I am trying to figure out the following problem: Show $\sum_{n=2}^{N} \frac{1}{n^a}≤ \int_1^{N}\frac{1}{x^a} dx$, and use this to prove the convergence of the series for $a>1$.
My work: I have $\int_1^{N}\frac{1}{x^a} dx = [\frac{-1}{(1-a)x^{a-1}}]_1^N=\frac{-1}{(1-a)N^{a-1}}+\frac{1}{(1-a)}$. I do not know how to show the inequality from here. Does one express $\sum_{n=2}^{N} \frac{1}{n^a}$ since it is geometric and show the integral expression is larger?

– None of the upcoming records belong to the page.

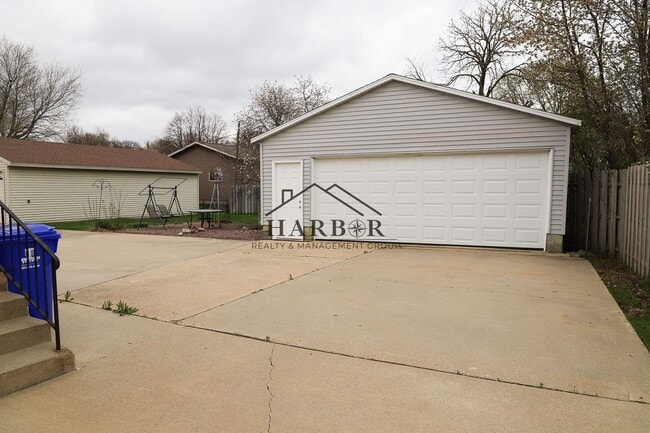 Building Photo - Single Family Home in SE Rochester Availab...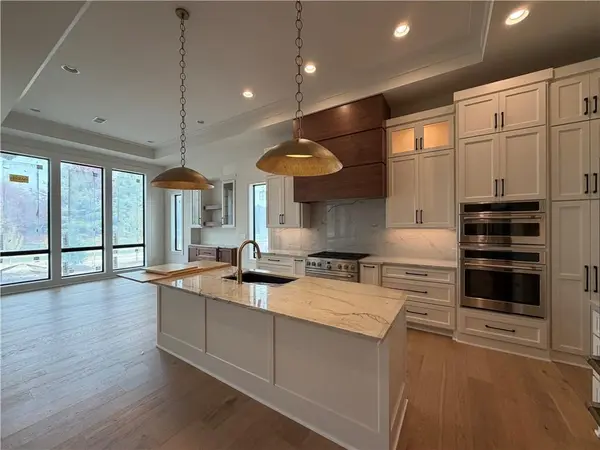 2944 W 133rd TER, Leawood, KS 66209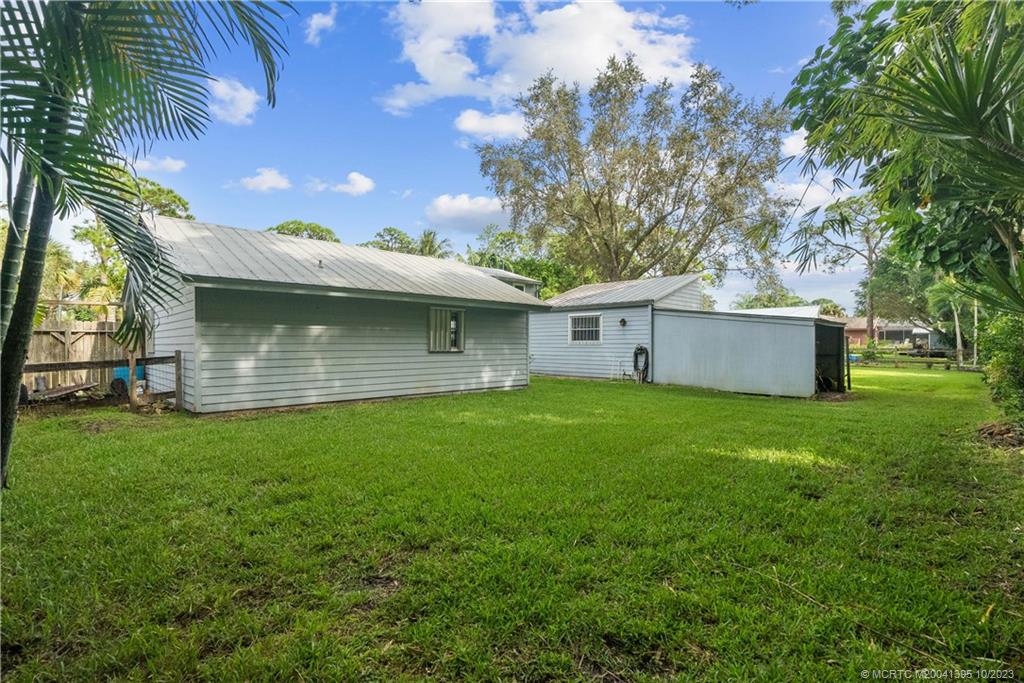 1082 SW Pine Tree Lane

But I do not see how that works. I presume that once we have that inequality we can claim convergence of the series for large N.
Thanks in advance!
The inequality is only true for $a \geq 0$ so I will focus on that case. Then $\frac{1}{x^a}$ is non-increasing on $x>0$. Therefore, $$\int_{n-1}^{n} \frac{1}{x^a} dx \geq \frac{1}{n^a}$$ For any $n > 1$ due to the geometry (the area of the integral entirely covers the single height rectangle). Since this applies to each term in the sum, the overall integral must be greater that or equal to the overall sum.